··· Extracted records

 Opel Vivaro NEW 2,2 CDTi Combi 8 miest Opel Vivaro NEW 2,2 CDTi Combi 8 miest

······
··· Extracted records

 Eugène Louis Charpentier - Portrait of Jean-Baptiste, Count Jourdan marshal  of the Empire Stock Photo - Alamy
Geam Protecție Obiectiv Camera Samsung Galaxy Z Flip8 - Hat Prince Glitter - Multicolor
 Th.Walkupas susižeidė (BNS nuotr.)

······

The reply should hold only the lines of the listing above starting at the line containing "Eugène Louis Charpentier" and ending at the line containing "Th.Walkupas susižeidė (BNS nuotr.)", exactly as written.

### Output
 Eugène Louis Charpentier - Portrait of Jean-Baptiste, Count Jourdan marshal  of the Empire Stock Photo - Alamy
Geam Protecție Obiectiv Camera Samsung Galaxy Z Flip8 - Hat Prince Glitter - Multicolor
 Th.Walkupas susižeidė (BNS nuotr.)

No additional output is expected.